[Records from a data collection]
· · · · ·

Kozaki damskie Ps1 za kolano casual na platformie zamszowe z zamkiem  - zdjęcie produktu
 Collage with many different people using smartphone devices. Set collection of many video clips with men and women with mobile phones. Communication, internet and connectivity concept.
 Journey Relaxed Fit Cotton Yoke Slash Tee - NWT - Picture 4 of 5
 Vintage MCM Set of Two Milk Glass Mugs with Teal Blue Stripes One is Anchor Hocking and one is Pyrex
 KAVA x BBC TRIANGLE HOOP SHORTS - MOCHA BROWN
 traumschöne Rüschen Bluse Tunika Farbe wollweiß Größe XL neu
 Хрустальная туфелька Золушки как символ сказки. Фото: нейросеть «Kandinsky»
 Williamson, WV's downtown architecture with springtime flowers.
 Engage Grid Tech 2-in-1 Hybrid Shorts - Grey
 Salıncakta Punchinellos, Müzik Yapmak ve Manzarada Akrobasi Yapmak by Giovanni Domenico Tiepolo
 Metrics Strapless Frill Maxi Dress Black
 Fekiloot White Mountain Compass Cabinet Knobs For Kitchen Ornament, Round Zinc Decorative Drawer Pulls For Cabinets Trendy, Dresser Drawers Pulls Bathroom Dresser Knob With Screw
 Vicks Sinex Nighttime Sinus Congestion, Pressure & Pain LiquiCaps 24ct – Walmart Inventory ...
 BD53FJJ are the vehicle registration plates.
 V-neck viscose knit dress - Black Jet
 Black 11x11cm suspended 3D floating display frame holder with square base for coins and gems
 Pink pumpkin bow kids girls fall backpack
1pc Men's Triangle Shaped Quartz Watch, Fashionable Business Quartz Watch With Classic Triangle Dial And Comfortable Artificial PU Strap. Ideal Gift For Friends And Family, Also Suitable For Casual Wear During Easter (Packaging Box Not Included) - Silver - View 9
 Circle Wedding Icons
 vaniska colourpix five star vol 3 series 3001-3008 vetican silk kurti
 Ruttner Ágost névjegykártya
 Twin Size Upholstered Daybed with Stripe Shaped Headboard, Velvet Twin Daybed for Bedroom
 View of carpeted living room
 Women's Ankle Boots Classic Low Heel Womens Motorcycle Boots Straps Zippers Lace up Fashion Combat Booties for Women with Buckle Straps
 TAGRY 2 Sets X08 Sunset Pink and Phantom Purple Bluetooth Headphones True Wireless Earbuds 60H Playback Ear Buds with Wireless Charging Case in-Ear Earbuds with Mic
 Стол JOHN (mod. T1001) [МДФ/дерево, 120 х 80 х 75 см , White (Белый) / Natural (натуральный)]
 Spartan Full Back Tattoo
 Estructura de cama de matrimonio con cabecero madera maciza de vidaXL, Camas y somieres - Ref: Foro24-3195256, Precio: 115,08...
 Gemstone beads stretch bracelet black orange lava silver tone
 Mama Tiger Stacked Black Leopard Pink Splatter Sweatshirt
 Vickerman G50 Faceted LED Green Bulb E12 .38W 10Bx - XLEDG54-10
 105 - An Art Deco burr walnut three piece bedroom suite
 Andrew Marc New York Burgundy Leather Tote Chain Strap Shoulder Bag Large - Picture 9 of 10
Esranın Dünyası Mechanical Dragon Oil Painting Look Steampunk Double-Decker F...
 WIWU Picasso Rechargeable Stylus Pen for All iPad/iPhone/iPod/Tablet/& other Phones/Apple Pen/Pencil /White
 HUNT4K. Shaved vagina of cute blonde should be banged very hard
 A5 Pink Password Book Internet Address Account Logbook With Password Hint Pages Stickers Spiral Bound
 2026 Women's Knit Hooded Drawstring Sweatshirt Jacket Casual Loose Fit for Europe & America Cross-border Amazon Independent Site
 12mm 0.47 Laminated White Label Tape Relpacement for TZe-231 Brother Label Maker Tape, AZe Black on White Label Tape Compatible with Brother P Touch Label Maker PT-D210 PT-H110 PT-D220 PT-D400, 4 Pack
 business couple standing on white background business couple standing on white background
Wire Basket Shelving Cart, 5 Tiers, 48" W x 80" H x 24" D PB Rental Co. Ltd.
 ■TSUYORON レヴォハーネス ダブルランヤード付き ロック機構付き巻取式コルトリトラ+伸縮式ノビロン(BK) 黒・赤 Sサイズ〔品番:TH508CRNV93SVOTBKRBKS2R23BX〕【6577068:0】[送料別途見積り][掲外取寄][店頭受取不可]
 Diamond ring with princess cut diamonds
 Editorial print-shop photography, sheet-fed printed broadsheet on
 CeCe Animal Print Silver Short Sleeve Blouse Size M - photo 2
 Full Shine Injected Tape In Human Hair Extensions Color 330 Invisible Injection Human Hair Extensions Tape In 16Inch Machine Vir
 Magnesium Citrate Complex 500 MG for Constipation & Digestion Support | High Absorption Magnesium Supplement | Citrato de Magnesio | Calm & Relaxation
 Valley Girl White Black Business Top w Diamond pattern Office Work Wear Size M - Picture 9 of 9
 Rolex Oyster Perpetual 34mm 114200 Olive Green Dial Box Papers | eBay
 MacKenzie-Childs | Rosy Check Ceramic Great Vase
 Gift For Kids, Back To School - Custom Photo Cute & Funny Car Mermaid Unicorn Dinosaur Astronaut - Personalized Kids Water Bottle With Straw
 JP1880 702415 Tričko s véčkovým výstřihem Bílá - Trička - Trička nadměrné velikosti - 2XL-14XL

· · · · ·

# WORK ITEM
Count the lines of these entries that hold the string "View", and give only that number.

# RESPONSE TO THE EXERCISE
2